===== Source information
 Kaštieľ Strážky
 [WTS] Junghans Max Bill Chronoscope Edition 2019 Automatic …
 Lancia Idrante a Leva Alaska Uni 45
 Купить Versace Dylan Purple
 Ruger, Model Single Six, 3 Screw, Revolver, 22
==========
===== Source information
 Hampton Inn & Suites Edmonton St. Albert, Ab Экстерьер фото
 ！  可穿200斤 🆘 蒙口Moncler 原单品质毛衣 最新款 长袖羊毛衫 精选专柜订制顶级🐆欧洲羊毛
==========
## Activity
Could you return exactly the stretch of the data above that starts at the line with "Kaštieľ Strážky" and ends at the line with "Ruger, Model Single", both lines included?

## Exercise response
 Kaštieľ Strážky
 [WTS] Junghans Max Bill Chronoscope Edition 2019 Automatic …
 Lancia Idrante a Leva Alaska Uni 45
 Купить Versace Dylan Purple
 Ruger, Model Single Six, 3 Screw, Revolver, 22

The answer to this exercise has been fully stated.